#### [Input for this task]
----

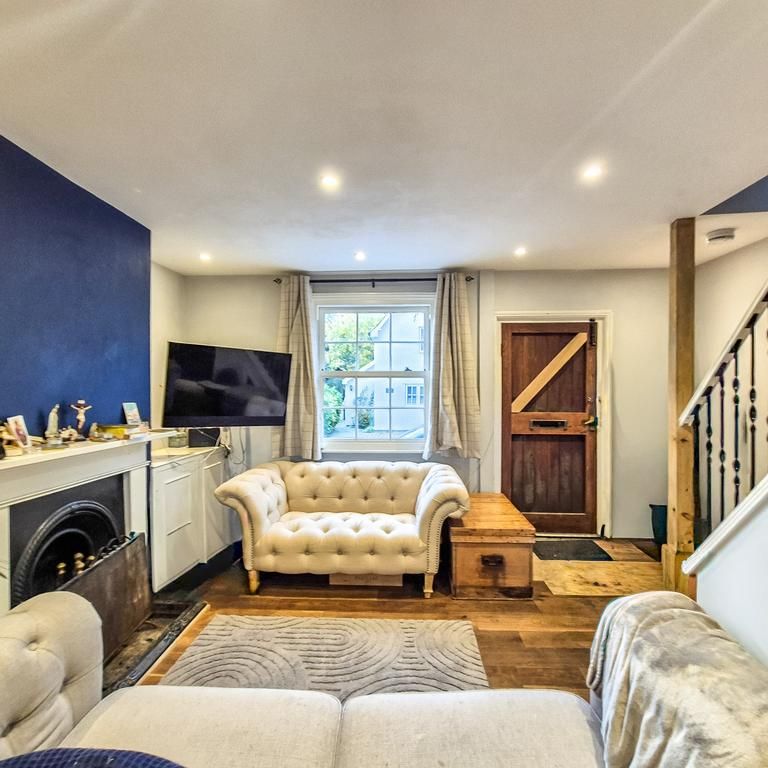 2 bedroom end of terrace house to rent - Photo 1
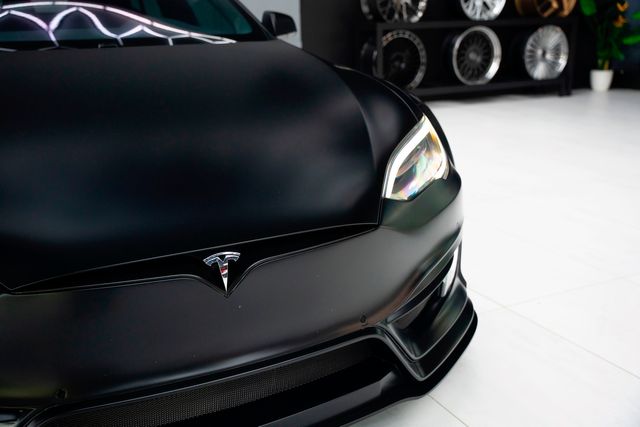 2020 Tesla Model S Performance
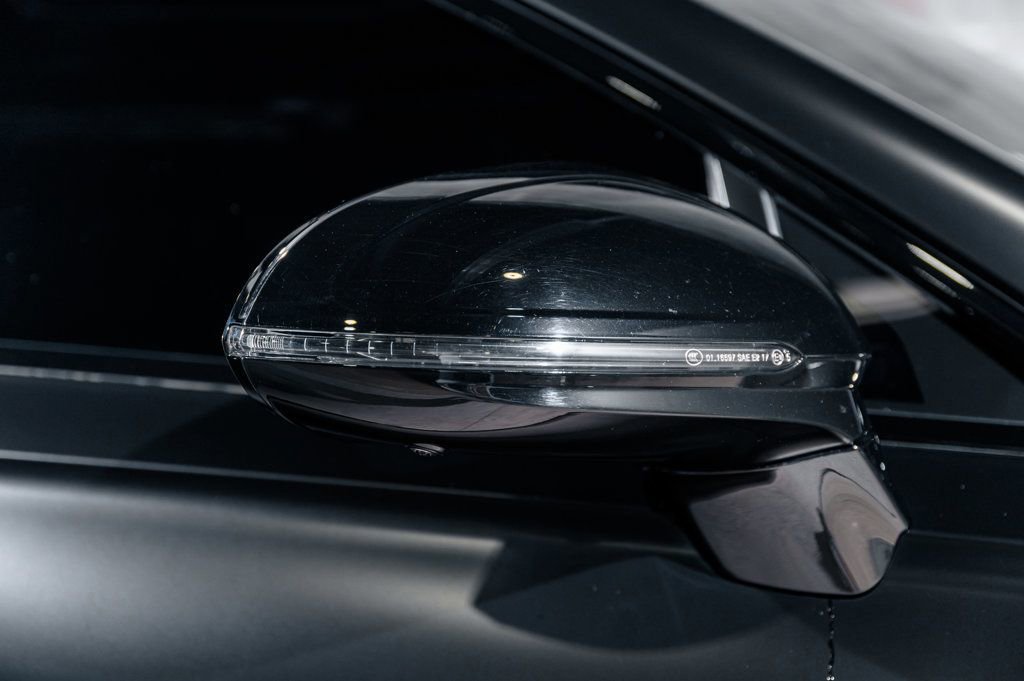 Used 2022 Bentley Flying Spur Plug-In Hybrid AWD/4WD image 39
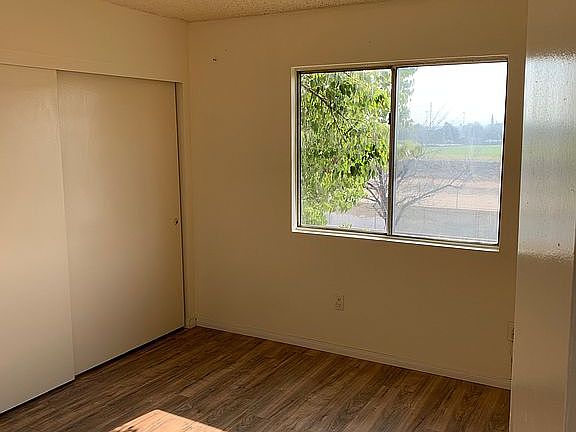 5th image of 1025 N Tippecanoe Ave Unit 102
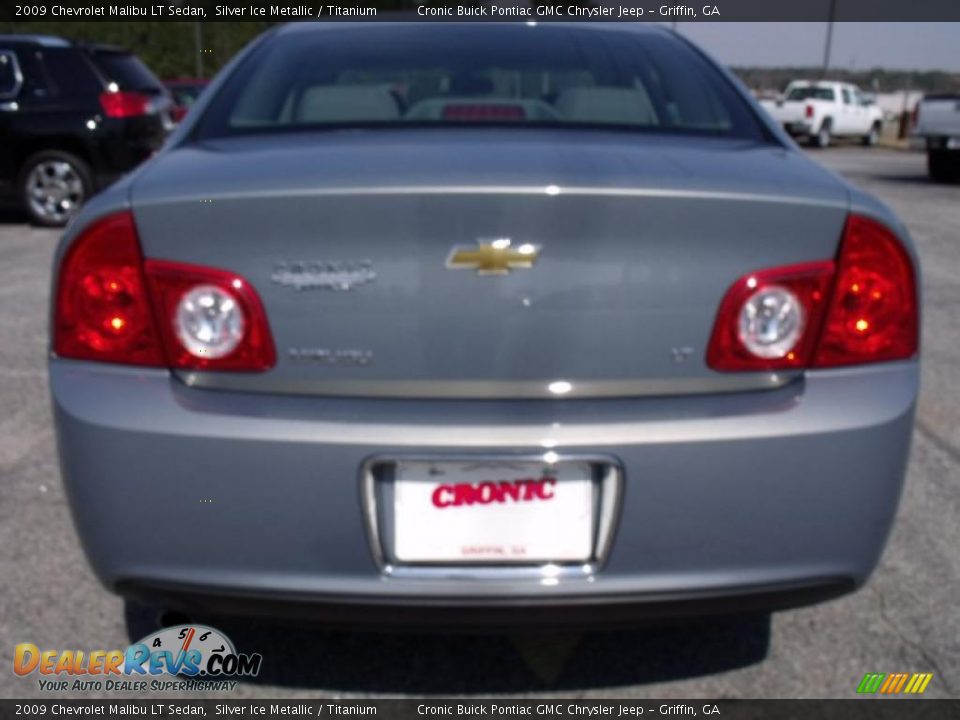 2009 Chevrolet Malibu LT Sedan Silver Ice Metallic / Titanium Photo #7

----

Images are not part of the copy. Everything else in the records must be reproduced exactly.

#### [Exercise response]
 2 bedroom end of terrace house to rent - Photo 1
 2020 Tesla Model S Performance
 Used 2022 Bentley Flying Spur Plug-In Hybrid AWD/4WD image 39
 5th image of 1025 N Tippecanoe Ave Unit 102
 2009 Chevrolet Malibu LT Sedan Silver Ice Metallic / Titanium Photo #7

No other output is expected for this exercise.